Jimmy Stewart; Hollywood didn't invent him

Even from behind you know who he is, the tall man as loosely hung together as a Calder mobile, with the voice that twangs like a guitar. He greets the maitre d' by name -- "Hello, Ray, how arem yuh?" Just the way Jefferson Smith would-a done it, or Mike Connors in "Philadelphia Story" or Elwood P. Dowd. And then he moves off into the oak-beamed shadows of the restaurant, slow as a snow-topped, 6'3" glacier. The heads still turn, (although discreetly, because this is star-proof Beverly Hills), as Jimmy Stewart meanders by.

In John Ford's "The Man Who Shot Liberty Valance," a newspaper editor says of the senator Jimmy Stewart plays: "When the legend becomes fact, print the legend."

At this point, after 45 years as a movie actor, they're printing the legend of Jimmy Stewart. The legend will be honored on Feb. 28 over nationwide television when Stewart receives the American Film Institute's Life Achievement Award. Ford was the first to win the award, which has also gone to James Cagney , Orson Welles, William Wyler, Bette Davis, Henry Fonda, and Alfred Hitchcock.

Folded up, sitting down at a table, James Maitland Stewart is still tall. Tall in the saddle, as they say in the westerns he's done so many of. And shy. Shy as the cowboy confronting the schoolmarm for the first time. It doesn't seem possible that he's made a living being looked at and listened to in more than 80 films, including "Mr. Smith Goes to Washington," "Anatomy of a Murder," "The Philadelphia Story" (for which he won an Oscar), "Rear Window," "Cheyenne Autumn" and his favorite, "It's a Wonderful Life."
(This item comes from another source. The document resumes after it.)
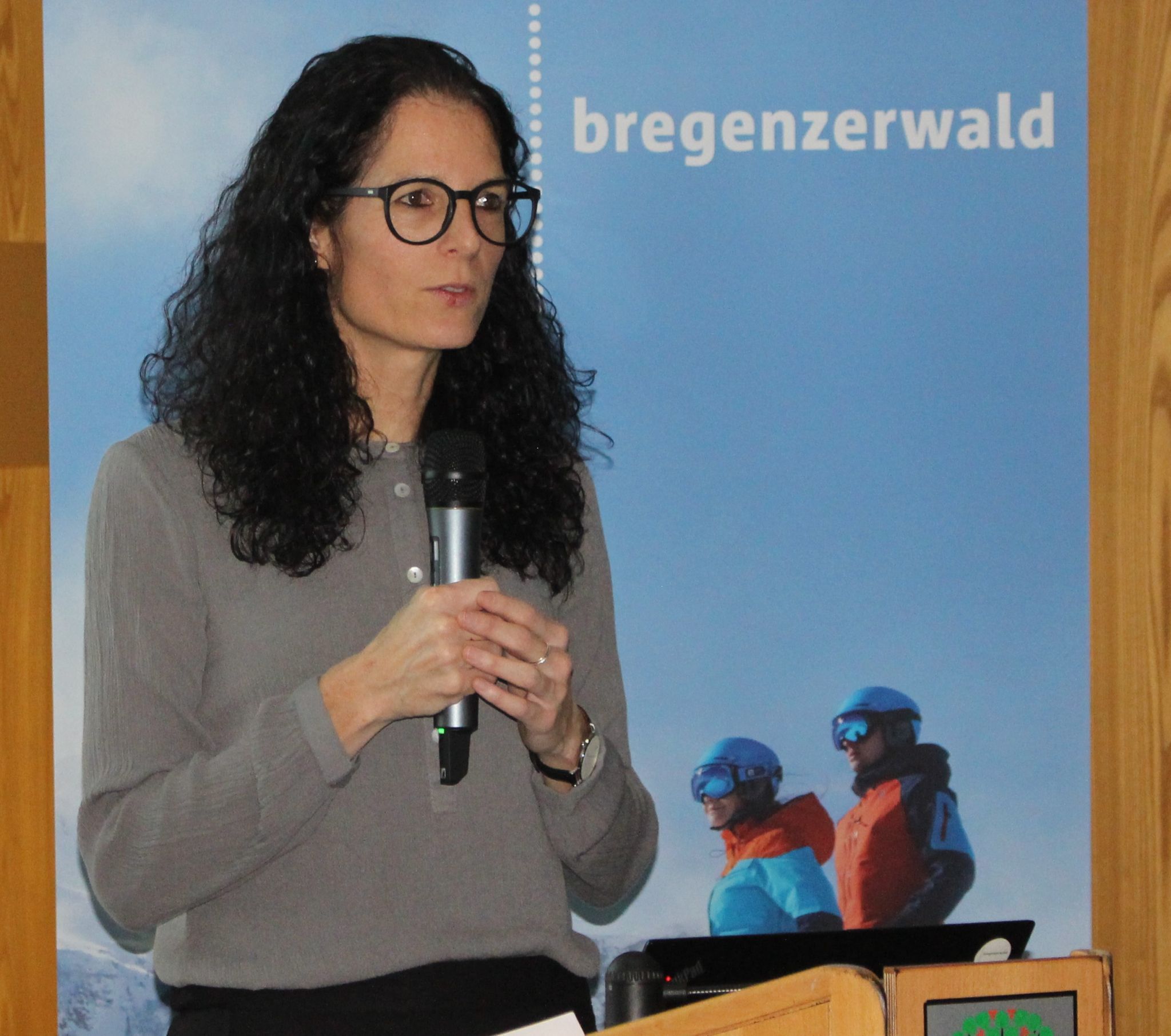 Geschäftsführerin Cornelia Kriegner kann der heutigen Generalversammlung eine erfreuliche Nächtigungsbilanz vorlegen.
Here he is talking about "Wonderful Life," the Frank Capra film in which he plays an unselfish idealist named George Bailey.Bailey, who runs a small town building and loan company, thinks of suicide when his company is threatened with folding, but is saved by a vision of what a shanty-town his hometown would be if he'd never lived. The film is Stewart's favorite, but not because it is essentially optimistic, dealing with the triumph of goodness over adversity. Nope.

"I think it was because it was from the very beginning . . . what the motion picture in its truest form is: It's not from a book; it's not from a play; it's not from an actual happening; it's not from history. It's about an idea, as simple an idea as: you're not born to be a failure.

"Really when you talk about the picture, that's what it's all about. And this is a true movie. You're taking not a book, not a play, not anything. You're taking a tiny idea -- not a tiny idea, a very important idea -- but you're taking an idea . . . and developing a whole movie, and I thought Frank Capra did it very well. . . ."

The explanation is full of some of the famous Stewart pauses, which are so big you could fly a jumbo jet through them. The actor, who was an Air Force colonel in World War II, has a way of circling around a thought, then swooping down, taxiing across it, and finally making a landing on it.

He's been the ultimate flying hero of course, Lucky Lindy, in the Lindbergh film "The Spirit of St. Louis." He's also played a series of other heroes who are desperately good, almost reeking with integrity, idealism, and trustworthiness. He played Senator Jefferson Smith, for instance, in Capra's film, the earnest, honest, bumbling freshman who goes to Washington believing "the only causes worth fighting for are lost causes" -- and wins.

When he talks about his two favorite scenes, they're in Capra movies. In an interview with writer-director Peter Bogdanovich he once said that as an actor "you're giving people little tiny pieces of time they never forget." He explains now that often, they're not whole scenes, "they're just looks. They're just short pieces of time that you can't, you can't really put your finger on it. But I know that it happened, because people -- when they come up to you and talk to you about it, they usually don't know the picture or who was in it, or where it was, or where they saw it. But they'll they'll they'll even say, 'You're in this room, and you were just leavin', and so and so said so and so and you turnedm and that lookm you gave.' The look took a second, a couple of seconds.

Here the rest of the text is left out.